ISLAMABAD: World Bank South Asia Region Lead Economist Muthukumara Mani Thursday in his research based on climate scenarios and projected changes in temperature and precipitation in South Asia said women-headed households are more resilient in aggressive climate change impacts.
He expressed these views at an interactive session organized by Leadership for Environment and Development (LEAD) Pakistan on the study by Muthukumara Mani on South Asia’s Hotspots: The Impacts of Temperature and Precipitation Changes on Living Standards.
He said it was observed in the research that women leading the household in the absence of men working somewhere in the far would develop enough potential to resist to serious repercussions of climate change.
Mani said the research had revealed that adverse climate change impacts were going to have explicit effects over living standards of the vulnerable communities living in the hotspots.
“The hotspots are areas where living standards will be most impacted by average changes in temperature and precipitation. The hotspots having less than four percent living standards losses have been rated as mild, from four to eight percent moderate and above eight percent as severe hotspots,” he explained.
Almost 800 million people in the South Asian region were living in the areas to become climate change hotspots in the near future, he said.

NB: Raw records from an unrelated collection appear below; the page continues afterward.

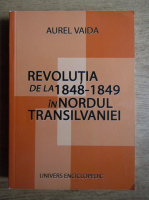 Anticariat: Aurel Vaida - Revolutia de la 1848-1849 in nordul Transilvaniei
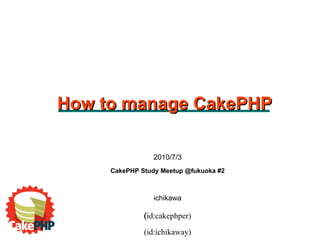 2010/7/3 CakePHP Study Meetup @fukuoka #2 ichikawa (id:cakephper) ‏ (id:ichikaway) How to manage CakePHP 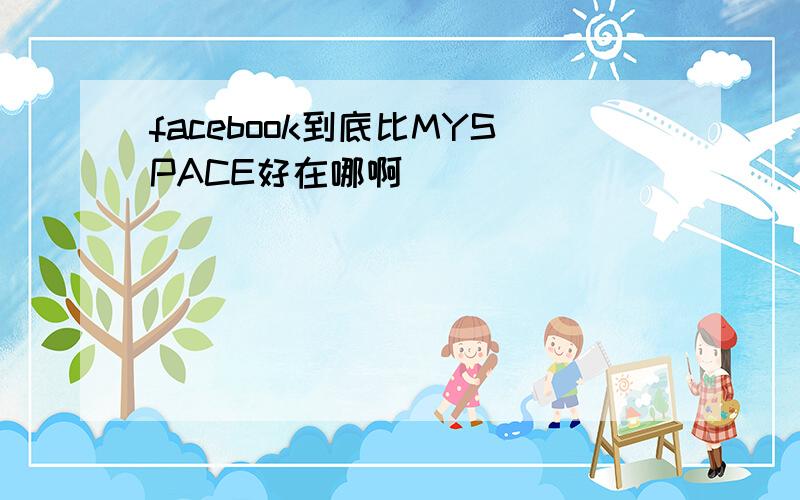 facebook到底比MYSPACE好在哪啊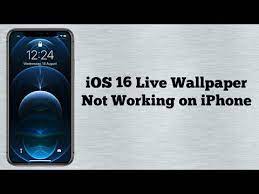 ios 16 live wallpaper not working on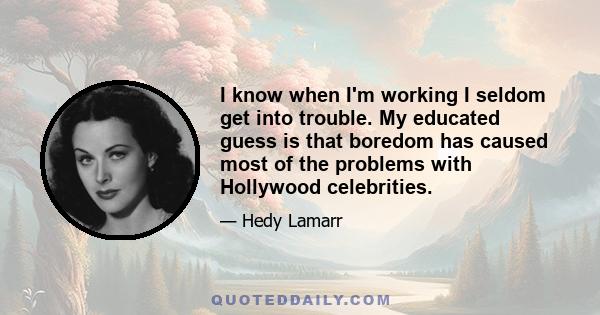 I know when I'm working I seldom get into trouble. My educated guess is that boredom has caused most of the problems with Hollywood celebrities.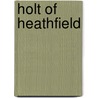 Holt Of Heathfield by William L. Jacobs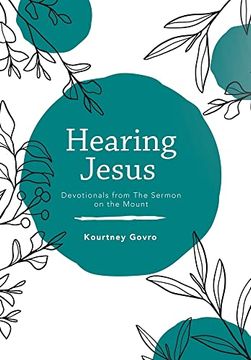 portada Hearing Jesus: Devotionals From the Sermon on the Mount (en Inglés)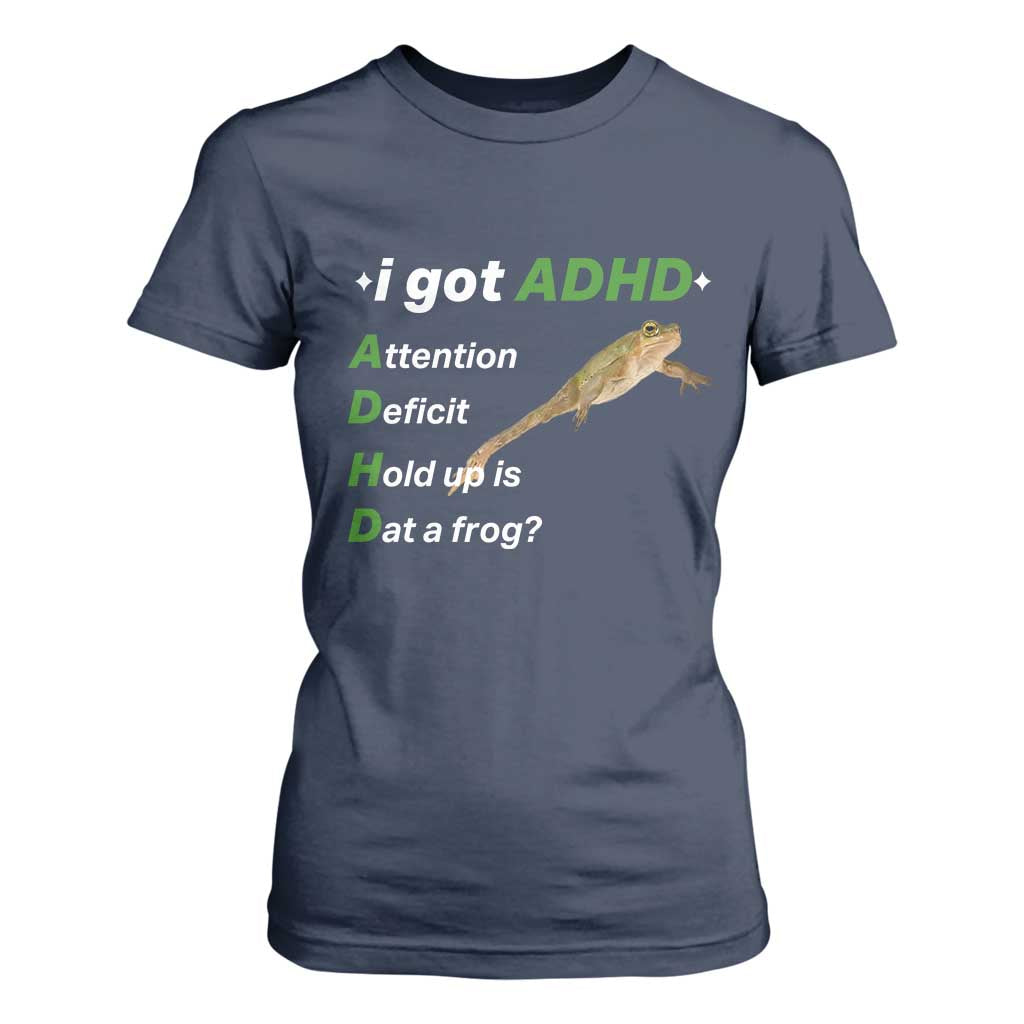 I Got ADHD Attention Deficit Hold Up Is Dat A Frog T Shirt For Women Neurodiversity Humor Weirdcore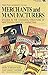 Merchants and Manufacturers: Studies in the Changing Structure of Nineteeth Century Marketing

“At least 10 districts of Pakistan mostly six from Punjab and rest four Sindh are found to become climate change hotspots. Sindh will be most impacted followed by Punjab. The top seven districts in India to become hotspots are from Mahrashtra whereas severe hotspots have been supposed to occur in areas where farmers’ suicide ratio has been high,” the World Bank, Lead Economist said.
The report, he said, had found some similarities in vulnerable areas and households in six South Asian countries. “These hotspot districts have less road density, poor access to market and water starved population,” he added.
He said every country in the region was taking policy steps to mitigate climate change risks and avoid serious impacts on their regions. The governments could perform well in development, awareness, educating the communities, establishing and enhancing the existing early warning systems to become climate resilient, he added.
He noted that his study focused on hotspots to appear in the future facing direct impacts of climate change other than reports explaining extreme disaster and climate change events occurrence in the future.